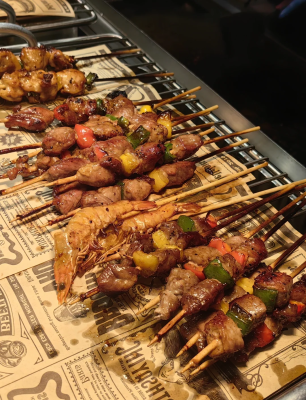 赤峰錦山榴蓮自助餐電話號碼-第1張圖片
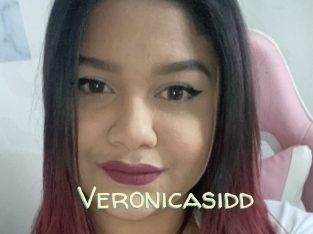 Veronicasidd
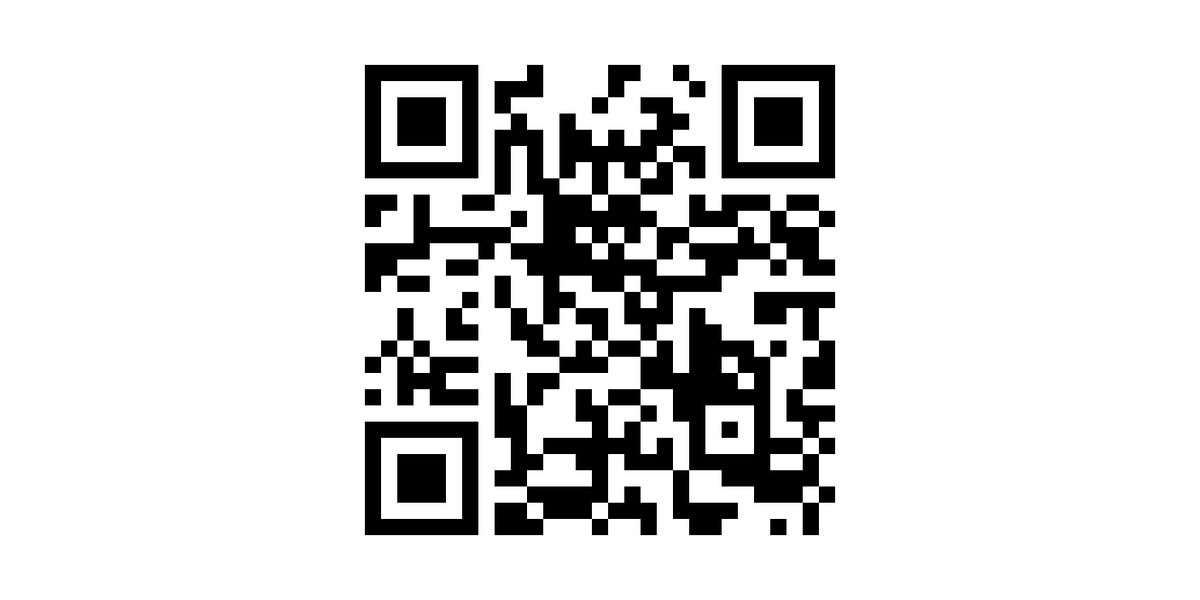 Etagenwohnung Plauen Stadtmitte - 2 Zimmer, 71 m&sup2;, 55.000&euro; | Angebot:25686174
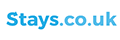 Stays.co.uk logo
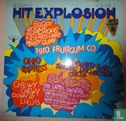 Buddah's Hit Explosion Volume 2 - Image 1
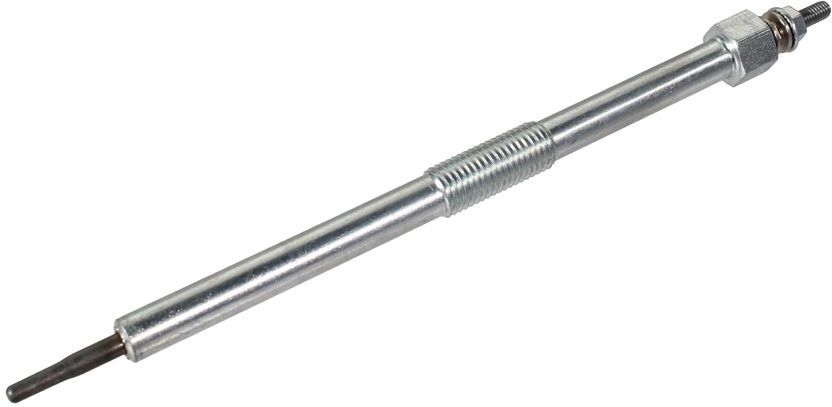 Metzger Autoteile Glühkerze Oe-Lieferant H1212 Für Nissan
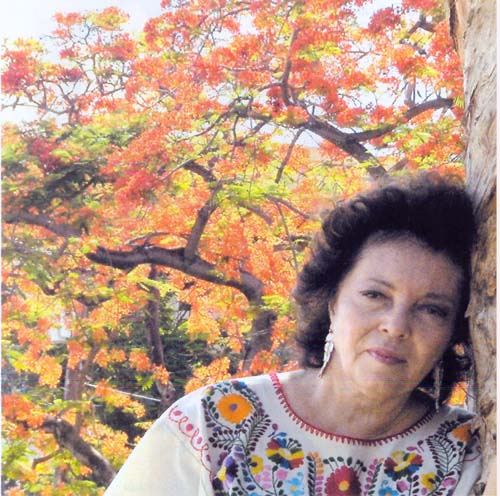 fallecio-en-la-habana-la-poetisa-y-promotora-cultural-aitana-alberti-leon
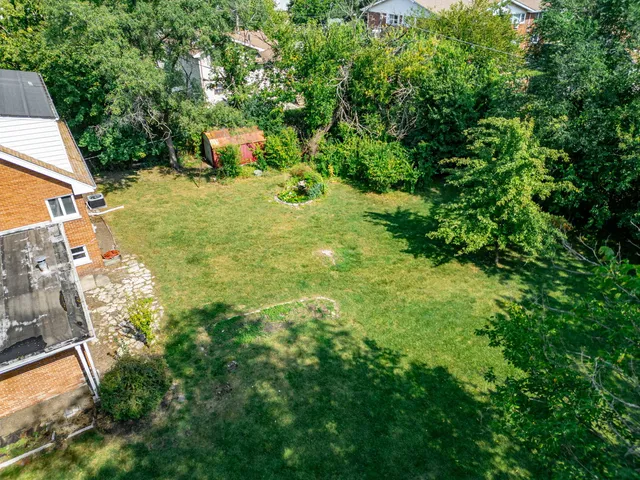 $419,000 | 4313 Elm Avenue, Lyons, IL 60534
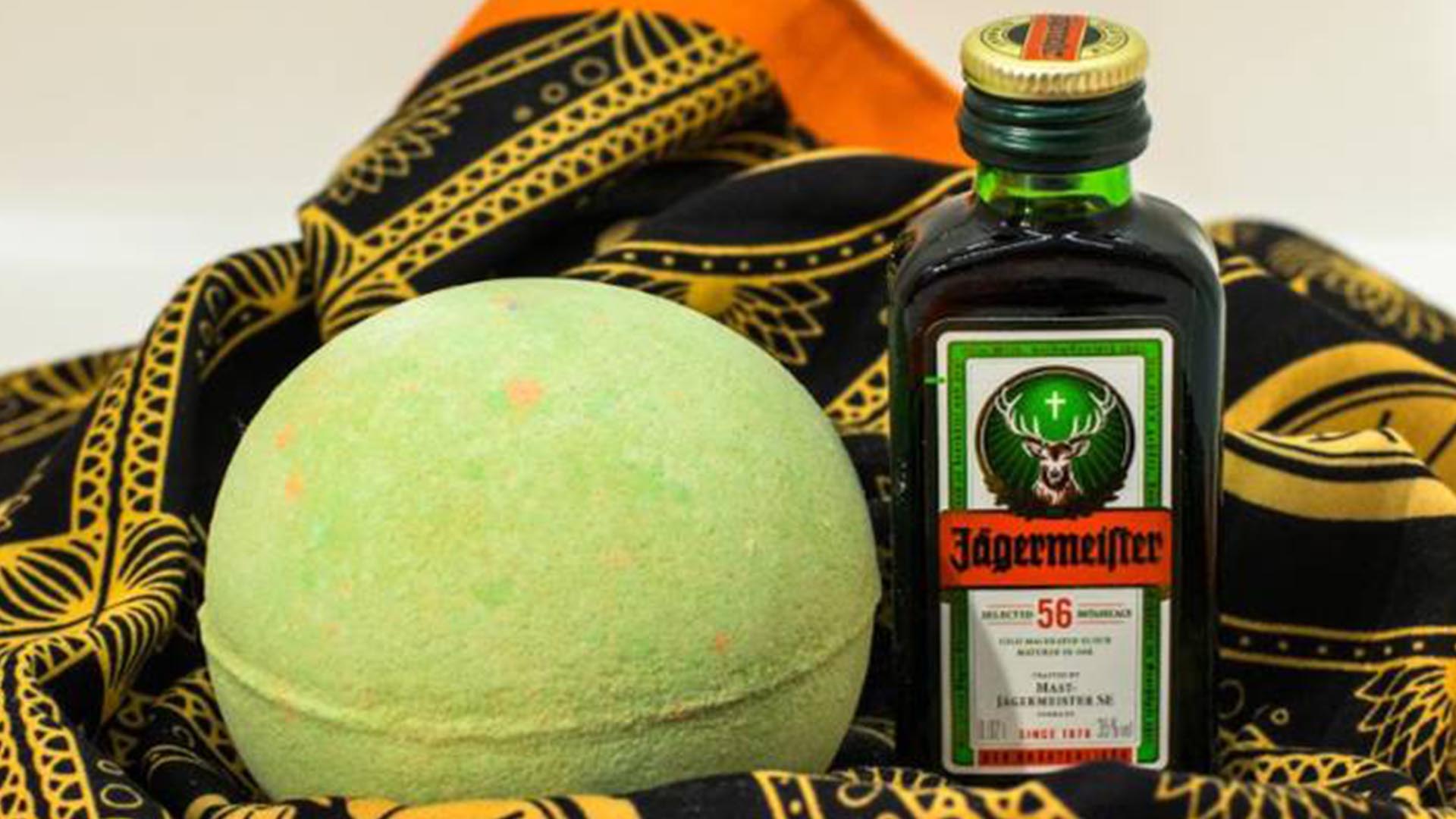 jagerbathFEATUREDIMAGE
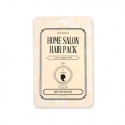 Kocostar home salon hair pack 1u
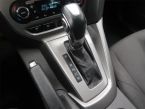 Ford Focus - fotka číslo 12
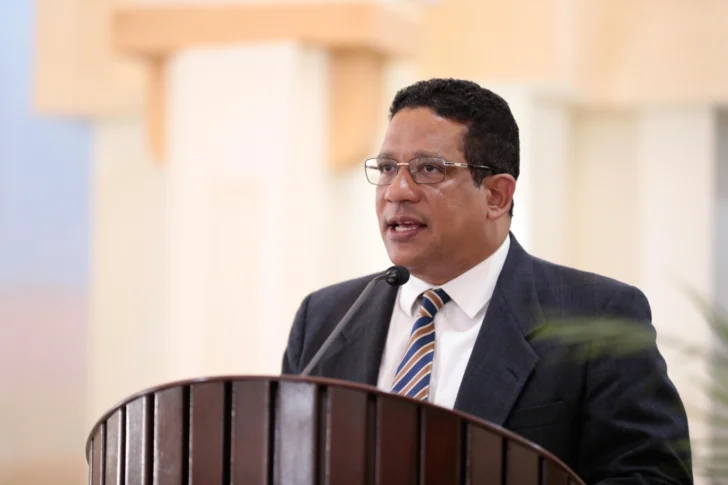 DGCP monitoreó procesos de compras valorados en más de RD$ 13 mil millones durante el mes de junio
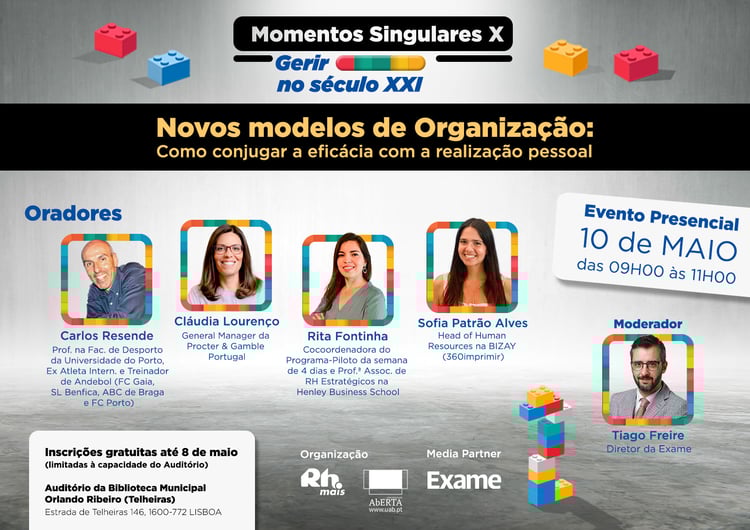 momentos-singulares-x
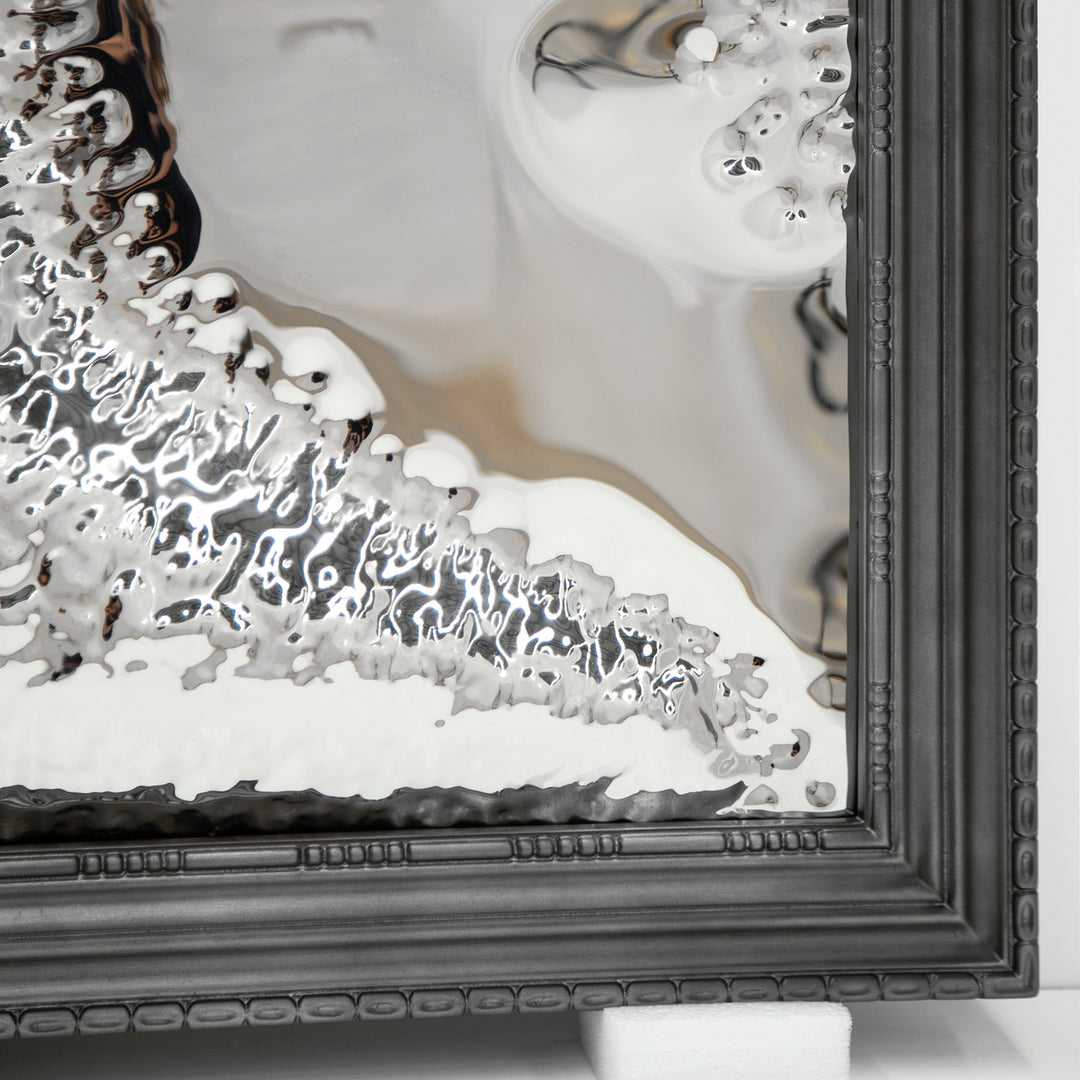 Imaginarium Wall Mirror (REF 314)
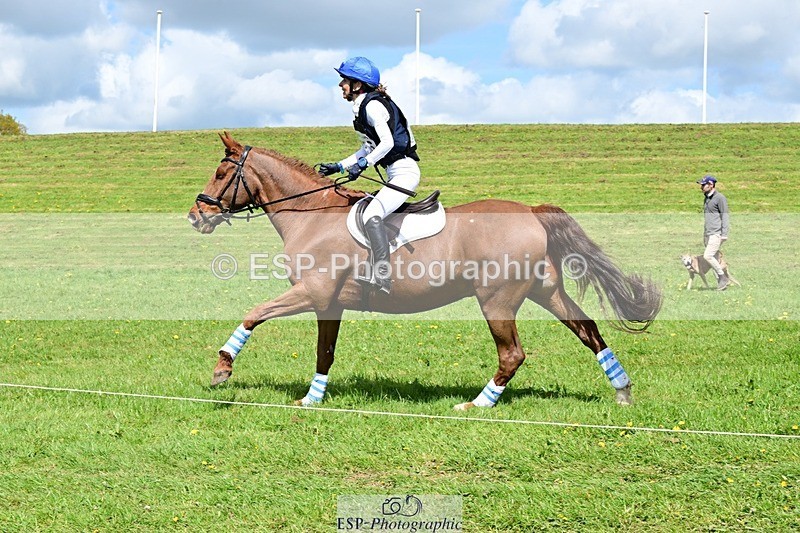 260419-130006-12184 - P-756-Siobhan.Micklethwaite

****************************************

Make an exact copy of the lines from the one holding "jagerbathFEATUREDIMAGE" through the end of the material, both ends included, and keep the pictures out of it.

▸ Answer box:
 jagerbathFEATUREDIMAGE
 Kocostar home salon hair pack 1u
 Ford Focus - fotka číslo 12
 DGCP monitoreó procesos de compras valorados en más de RD$ 13 mil millones durante el mes de junio
 momentos-singulares-x
 Imaginarium Wall Mirror (REF 314)
 260419-130006-12184 - P-756-Siobhan.Micklethwaite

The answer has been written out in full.